How is Cement Made

Cement is made by carefully combining and heating select substances to trigger a chemical reaction. The cement material is then ground into a fine powder which can be mixed with other aggregates to create concrete for residential, commercial and industrial uses.

The first step in making cement is to quarry for rocks. Limestone, a type of sedimentary rock, is the main ingredient and main type of rock used to make cement. The limestone and any other types of rocks that will be used are quarried and collected and then ground up in giant rock crushers. According to the Portland Cement Association the initial crushing of the rocks used to make cement will result in rocks that are about 6 inches in size. These rocks then go to a secondary crusher or hammer mill to reduce them to about half of their size.

At this point in the cement making process the rock materials are proportioned and combined with other ingredients necessary for creating cement. Some companies use a wet process to make cement, which requires water to be added to the ground rock mixture. Other companies make cement with a dry method, so no water is used.

The mixture (whether wet or dry) is placed into a kiln.

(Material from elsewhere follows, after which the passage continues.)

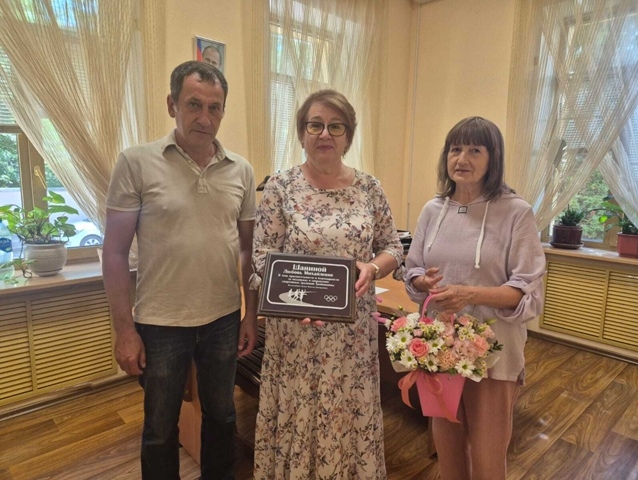 Любовь Шанина получила благодарность за поддержку в установлении мемориальной доски советскому легкоатлету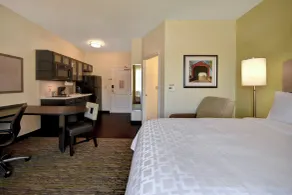 Candlewood Suites St Clairsville Wheeling Area by IHG - Zimmer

The kilns used to make cement are very large and heat the mixture to about 2,700 degrees Fahrenheit. During the heating process, chemical reactions occur and some ingredient components are gassed off. The result of the heating is a substance referred to by cement manufacturers as clinker. The clinker is roughly the size of marbles and is ground up to make cement. The most common type of cement, Portland cement, requires the addition of gypsum to the clinker before grinding.